Many spec writers want to introduce symbolism in their scripts. And why not? Sometimes the best writing we see “hints” at other things; there are multiple ways of “reading” it — and us screenwriterly types can pat ourselves on the back for “seeing” it.
So Think LAYERS
When it comes to symbolism of any kind, think LAYERS, like an onion. You can do this any way you want: visual metaphors, allusions, motifs, character traits. There are no rules, remember.
However, the biggest issue I see when it comes to symbolism:
It’s not clear what the screenwriter is actually doing.
Entertainment Value Is KEY
Audiences do not sign up for the fancy stuff. They sign up for a good story, well told. They want ENTERTAINMENT VALUE, whatever that means to them and the genre or ‘type’ of story they’re interested in. THAT’S IT.
Let’s go back to that notion of an onion. It’s round, right? It looks like an onion. That top layer then *is* ENTERTAINMENT VALUE.
As for the second layer, well that’s story. The Longline version, if you will. We should know what the story IS – however you structure it, linear or non-linear.
So if you have a story about a big huge alien eating everyone’s ass – like we do in ALIEN – that’s what your script IS: its second layer, if you will.

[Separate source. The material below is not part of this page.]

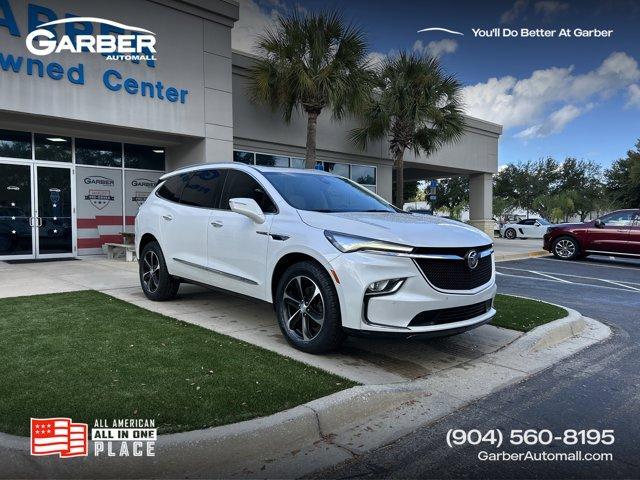 used 2022 Buick Enclave car, priced at $22,913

Symbolism/ Theme/ etc = THIRD LAYER
Yes, the symbolism or whatever is hidden inside. That’s the point. However, too many specs are so into the symbolism, they forget about keeping the story (and thus the plot) simple.

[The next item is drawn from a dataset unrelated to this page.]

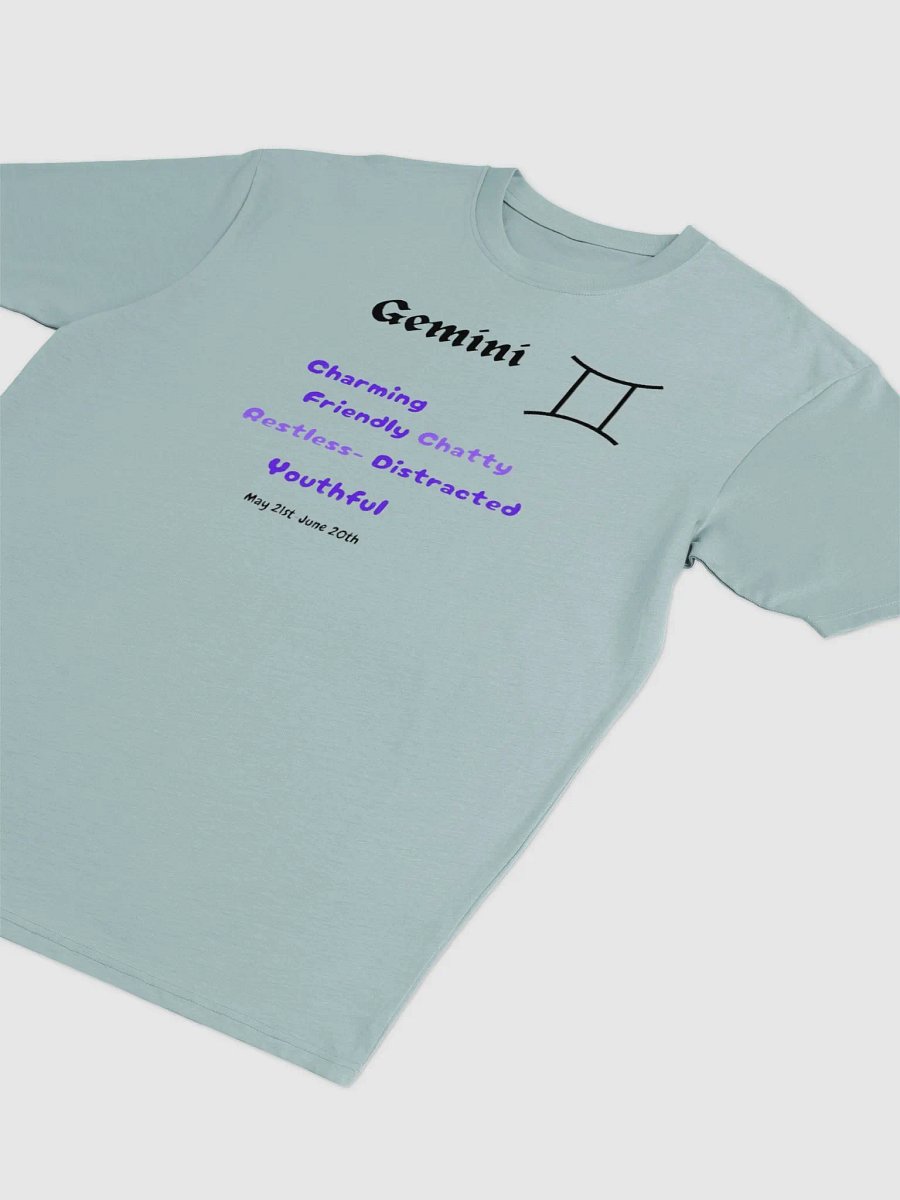 Gemini T-Shirt product image (11)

EVERYBODY SHOULD BE ABLE TO GET YOUR STORY AT FACE VALUE: that top layer is plot, pure and simple: “in this story [this event or thing happens]”.
All about Symbolic Characters
But okay, okay – what about symbolic characters?? Very often scribes want to have these guys – representations of good and evil; God and the Devil; Adam and Eve; happiness and sadness; commerce and art; communism and capitalism and so on (and yes, I’ve seen all of these, many times). And why not?
But too frequently writers so in love with these representations and what they mean in the grand theme of their work, they forget to essentially write the characters as actual people and audience can relate to.
Kane in ALIEN as a symbolic character
So let’s look at ALIEN again. But let’s step aside from Ripley; she is NOT the catalyst for the events that happen in that first movie, it’s not actually her actions that kick everything off.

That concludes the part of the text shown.